Film-making Overview

On this page, I want to share just what goes into making a short video or film about fat biking or cycling, looking at what equipment is required, how to actually record footage out in the field or on location and finally editing your video and posting online. So, let’s get started. I’ll only be looking at things very briefly here, as I’ll be covered each of the different stages later in separate articles.

Right, the first thing you will require, obviously, is a camera. And I’ll start by saying that anything will do at this stage, be it a smart phone, action camera such as the GoPro, a stills camera such as an SLR with video capability or even a dedicated video camera, it matters not. I tend to use both a GoPro and a dedicated Panasonic camcorder.

Next, you will need to unsure your batteries are fully charged (and a few spares will do no harm), enough storage capacity for your footage (I find 5 – 10 Gb is plenty) and some means of supporting the camera, for examples a mini tripod, though this does limit where you can place the camera, a proper medium-sized tripod is much better.

Next, what goes into making a short video about cycling? Personally, I do my own thing. The right way is to plan your shoot, perhaps scouting the location first, making a storyboard of the scenes you want to record, and so on. Lots of planning. Having said that I do preferring the times around dawn or dusk when the light conditions are far more interesting. My way is just to essentially make it up as I go along, trying to think creatively with what I come across on location. I ride the route, see an interesting scene, shoot it, ride some more and repeat. Works for me but you can decide what you want to do.

Now, a short, say 5-minute-long video, is usually comprised of a series of short clips all edited and joined together and that what we need to do here. You can simply mount your camera on the bike handlebars, or use a chest mount, and record a single long clip. However, that may not be very interesting to viewers and it’s much better to record a wide variety of different scenes to add interest, along with a few video “stills” of the location you are shooting.

From experience, even a 3 to 5-minute video, will have as many as 100 or more short clips and this takes a lot of time and effort. For example, for each clip I might be riding along and see a good scene to record. I’ll stop the bike, get off and set up the camera. Then ride back a-ways, ride past the camera, do an about-turn and then ride back past the camera again (this goes me further clips to use, say, for the return part of a linear route). Next, get off the bike, pack up the camera and repeat. Believe me when I say this can be back-breaking work and very tiring!

As I mentioned above, the secret is to record as many different clips as you can. Try varying where you place the camera, perhaps low down on the ground or strapped to a tree branch or simply resting on a gate post. You might want to ride towards the camera, ride away from the camera or ride past the camera at right angles. Variety can also be achieved by having the camera close or distant from yourself. Recording some clips of the scenery also adds interest to your finished video. Be creative and use your imagination, it’s your video, so anything goes.

When you are finished recording and you are sitting at the computer, first thing to do is to download your footage, then make another copy of the raw clips and save them away as a backup, just in case you mess up your originals. For editing you will need some editing software and there are plenty of free packages available online.

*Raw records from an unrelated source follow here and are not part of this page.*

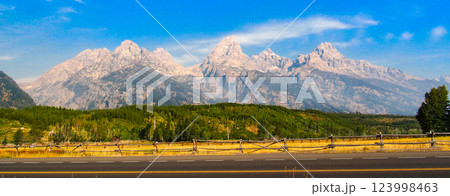 グランドティトン国立公園 123998463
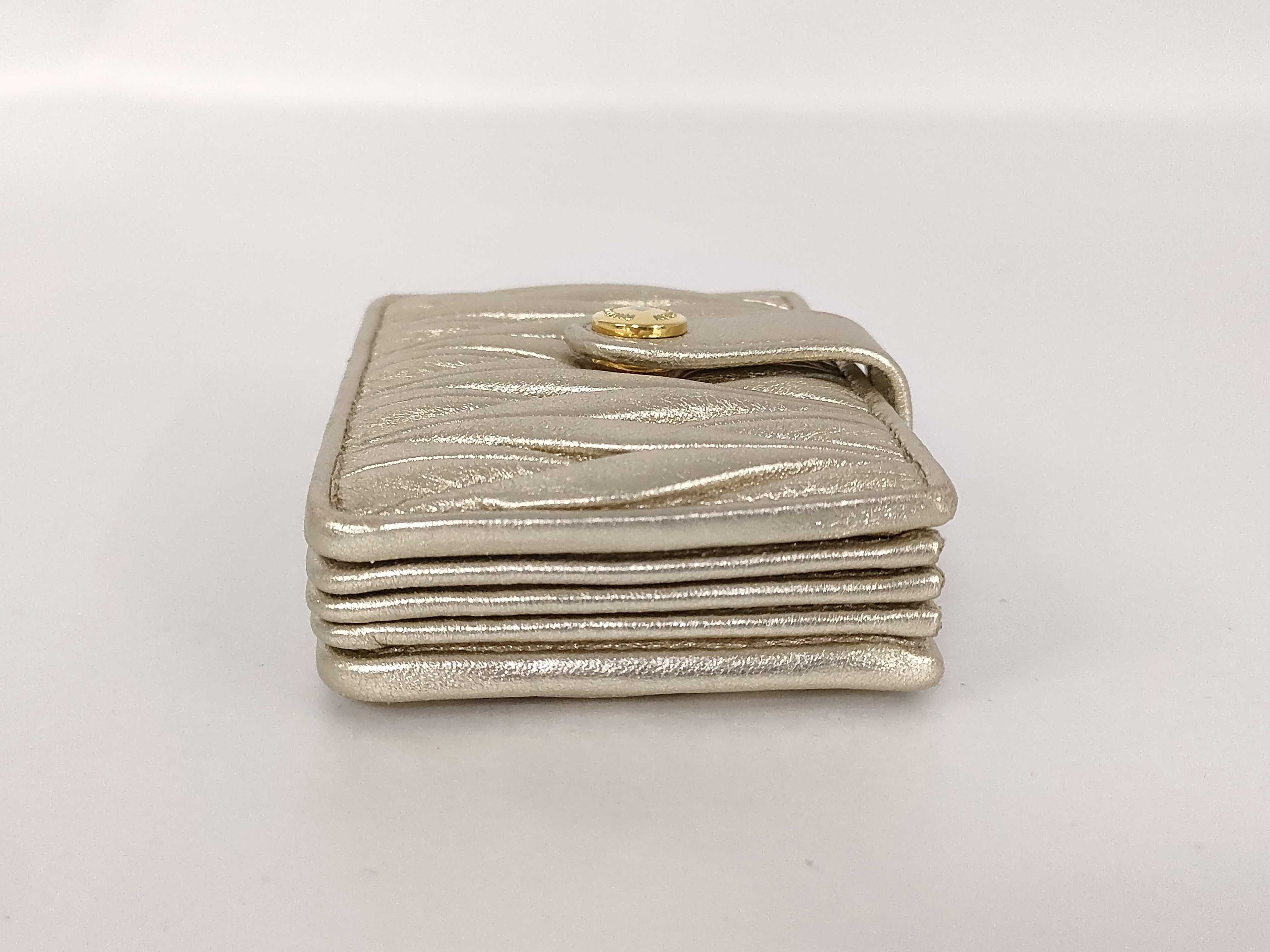 Matelassé Nappa Leather Bi-fold Wallet 197A Silver (Card Case/Pass Case/Business Card Holder) — view 4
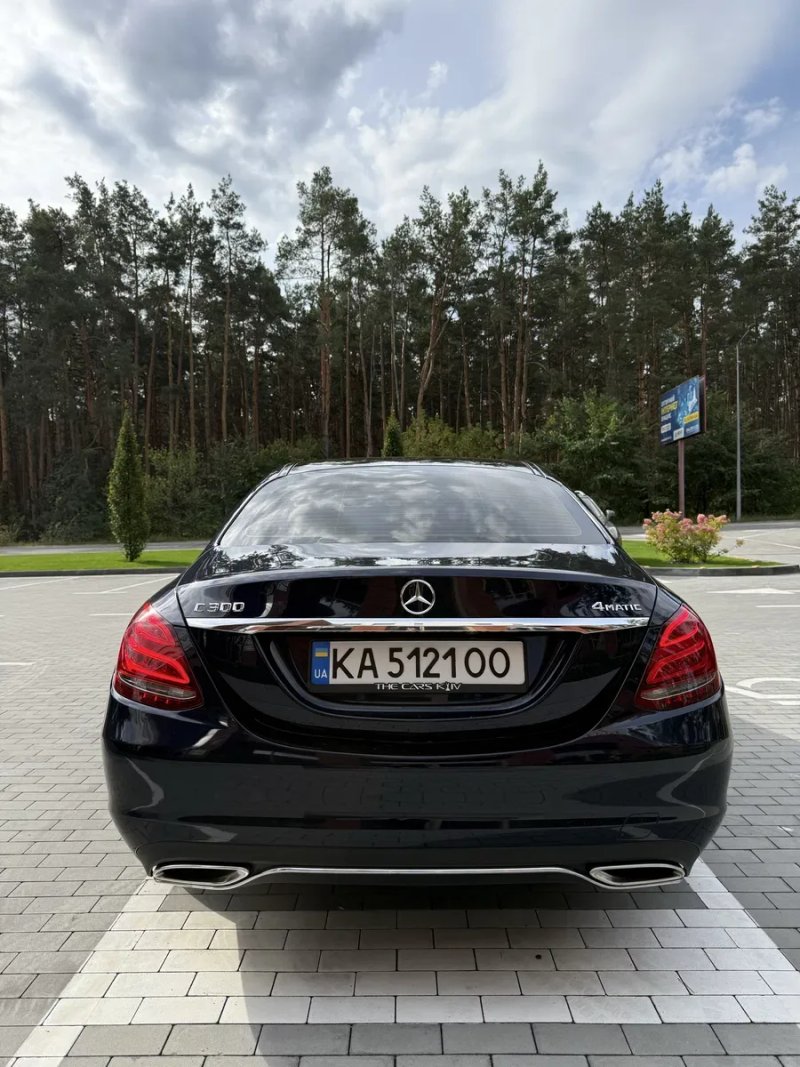 Продам личный Mercedes C300 4Matic. — фото 8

I use Open Shot Video Editor which is basic, simply to use and does everything I need.

To use the editing software, you usually create a new project, import all your raw footage and then drag a clip to the timeline. Each clip is then edited to leave only the footage you want, discarding the remainder. It’s then a case of repeating this with each clip. I usually order them in sequence with the ride, trying to add variety as I go and adding a few of the “still” clips I recorded on location. You can also add music the same way by dragging a track onto one of the other timelines and titles is you want. Finally, and usually after much mucking about, compile your clips into the finished video and you are ready for posting online.

I usually post on YouTube and will also create a link and page with a few words on my Blog. You can also post on your Facebook page if you have one as well as any bike forums you visit. I tend not to bother too much about publicising my work as I create them for myself and don’t care about how many views I get. For myself, it’s foremost about riding the bike, being creative when making the video and seeing the finished video.